With Maury Chaykin and Eddie Deezen as Jim Sting and Malvin, a pair of hackers

I can't believe this movie is thirty-one years old. I remember catching it in the theater and having my shaky and incomplete understanding of global politics irretrievably changed. In fact, I still feel the same way now that I did when I was eight years old and watching the dominoes fall in the story. I've just read more about the US military's nuclear program since then, and learned that I've got more reasons to feel the way I did. It's nice to know I was right all along.

The film starts with an absolutely riveting sequence--two Air Force officers (one of them a shockingly young Michael Madsen) start their 24-hour-long session in a missile command bunker. They've only been on duty a minute or two when a launch order comes through. The pair go through the various steps that it takes to authenticate the orders, arm the missiles, set the targets for the nuclear weapons and go within five seconds of launching the missiles when the older officer refuses to turn the key. It turns out that he's unwilling to use an atomic weapon without being absolutely certain that World War III has broken out and there's no communication with the world outside his bunker. The younger officer draws his sidearm and commands the older one to turn his key or get shot; it's a moment of homicidal insanity made possible by a series of logical steps followed by two obedient soldiers. It's Dr. Strangelove played straight and it's utterly horrifying to consider an obedient airman threatening to murder a superior officer for not preparing to incinerate twenty million civilians without warning. And then, without resolving the scene, we get the opening credits (in a blocky computer font that probably looked really advanced in 1983) over footage of the NORAD command center that oversees the American nuclear weapons facilities.
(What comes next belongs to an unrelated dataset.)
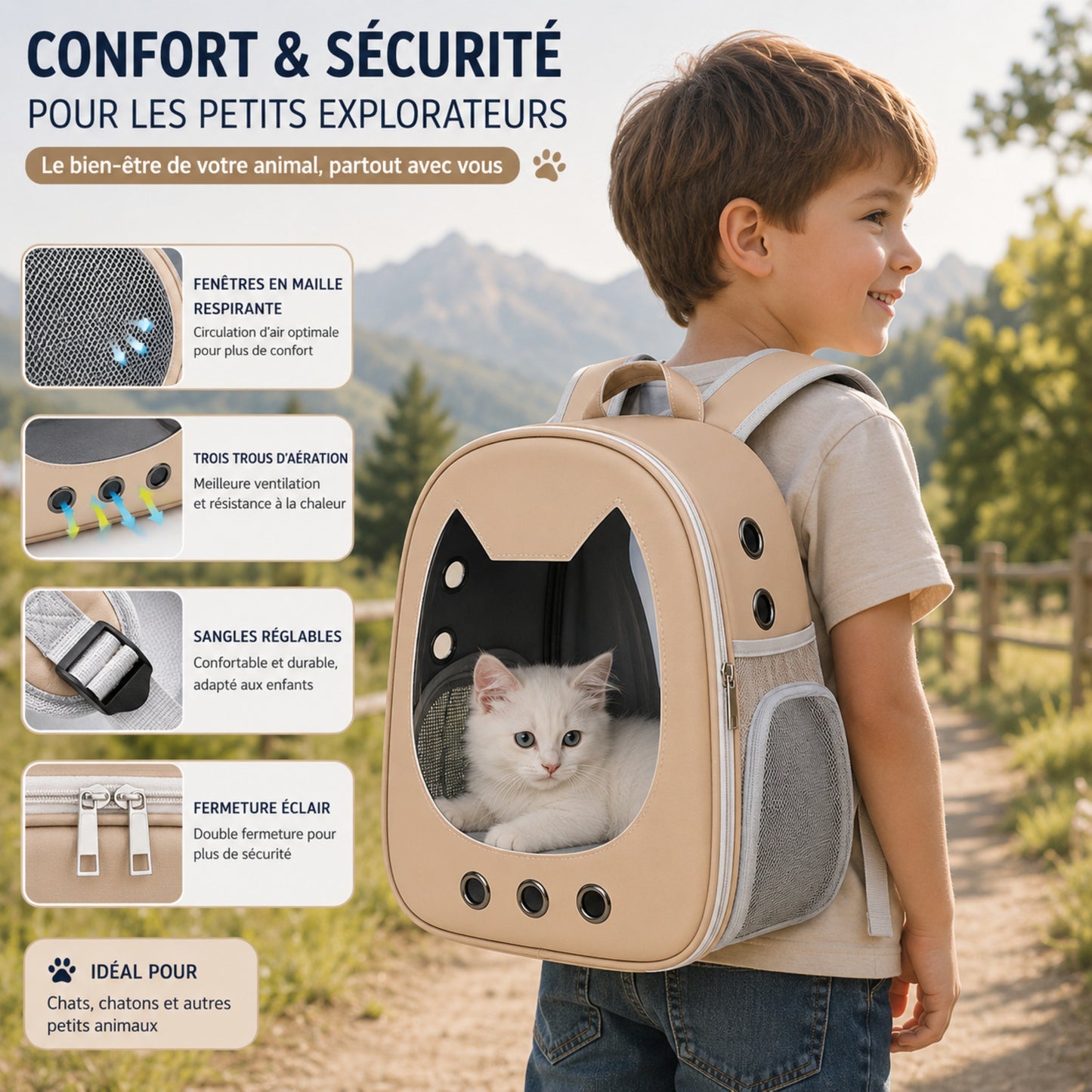 Détails confort et sécurité du sac de transport pour chat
And in the facility? A couple of extremely high-ranking Air Force officers and McKittrick, the civilian overseeing the command bunker; they're being hassled by a Presidential envoy who wants to know why the officers from the pre-credits sequence didn't launch the missiles when the time came to turn their keys. It turns out that it was a drill (although the two officers with their fingers on the button didn't know that), and that two out of nine launch drills end with the missile commanders refusing to launch. Since the only point to America having those nuclear weapons is the total extermination of life on Earth once a nuclear war starts, it makes sense (for a given value of "sense") that the officers would need to turn their keys every single time. (McKittrick has a particularly horrible turn of phrase when he says some of the officers "just aren't up to" the responsibility of killing everyone in the Soviet bloc).
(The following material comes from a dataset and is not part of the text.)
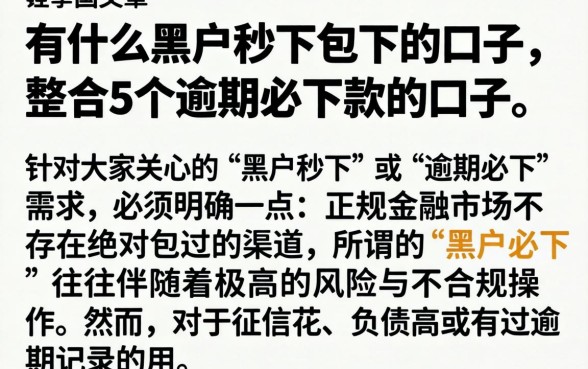 有什么黑户秒下包下的口子，整合5个逾期必下款的口子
McKittrick believes that no plan and no amount of training and drilling can ever overcome the randomness inherent in the human mind, and that by making a system with no human input it would be possible to launch the missiles ten times out of ten; it's ghastly, but he's got a point. If the geopolitical situation ever deteriorated to the point where nuclear war was actually happening, then those missiles need to be launched. They serve no purpose whatsoever if they're dormant in a silo when the balloon goes up. And the best guess from everyone involved is that there would be a six minute gap between a Soviet submarine launch and the first detonation on American soil. Much of the system is already automated (and McKittrick and the Air Force personnel both expect that the pre-existing nuclear battle plans will be carried out rather than having to improvise something on the fly). McKittrick wants to automate the launches completely and avoid the human element when carrying out a nuclear attack--not because someone might set off a nuke in a fit of pique, but because they might not. His plan is to use a supercomputer called W.O.P.R. (War Operation Plan Response); it's going to run continual simulations of nuclear combat between America and the USSR, using a primitive artificial intelligence to learn from each iteration of World War III simulations and plan more effective plans bit by bit. Other than the lights that are supposed to suggest eyes and a mouth on one of the computer's readouts, W.O.P.R. looks totally boss and is one of the better pieces of science-fiction production design that you're going to see out of the eighties. Just try not to look at the goofy computer clown face when it's in shot.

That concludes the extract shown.